Hubert Biskupski

i

Autor: ARCHIWUM

Hubert Biskupski: Odlot ministra skarbu

2013-04-20 4:00

Premier Donald Tusk dokonał wczoraj politycznej dekapitacji ministra skarbu Mikołaja Budzanowskiego. Oficjalnym powodem było informacyjne zamieszanie związane z podpisaniem memorandum w sprawie budowy tzw. drugiej nitki rurociągu jamalskiego.
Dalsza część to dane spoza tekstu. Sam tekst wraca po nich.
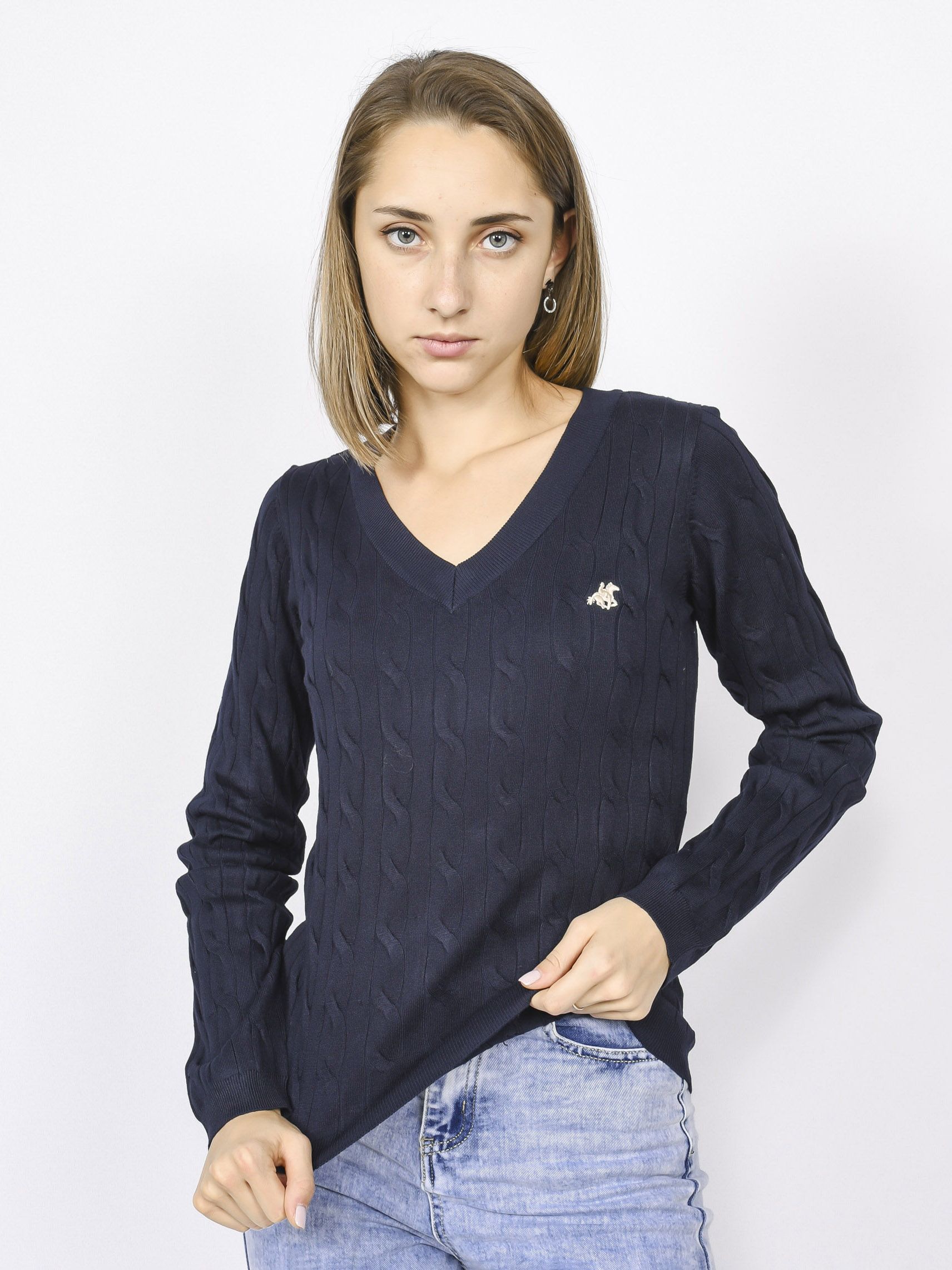 

Джемпер женский US Grand Polo V-neck Jumper синий XS, V-neck Jumper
Trzeba przyznać, że premier zareagował ostro po upokorzeniu, którego doznał, gdy pytany przez dziennikarzy o memorandum nie był w stanie udzielić jakiejkolwiek informacji w tej sprawie. Z ludzkiego punktu widzenia rozumiem decyzję premiera - trzeba było znaleźć odpowiedzialnego za PR-owską kompromitację. I to odpowiedzialnego zajmującego eksponowane stanowisko, a nie jakiegoś starszego specjalistę z Departamentu Informacyjnego. Ale mam spore wątpliwości, czy to właśnie Budzanowski ponosi winę za to zamieszanie. W przypadku bankrutującego LOT-u, który by ratować się przed upadkiem, poprosił o gigantyczną rządową pomoc, wina ministra była bezsporna. Wtedy jednak premier wykazał zaskakującą wyrozumiałość.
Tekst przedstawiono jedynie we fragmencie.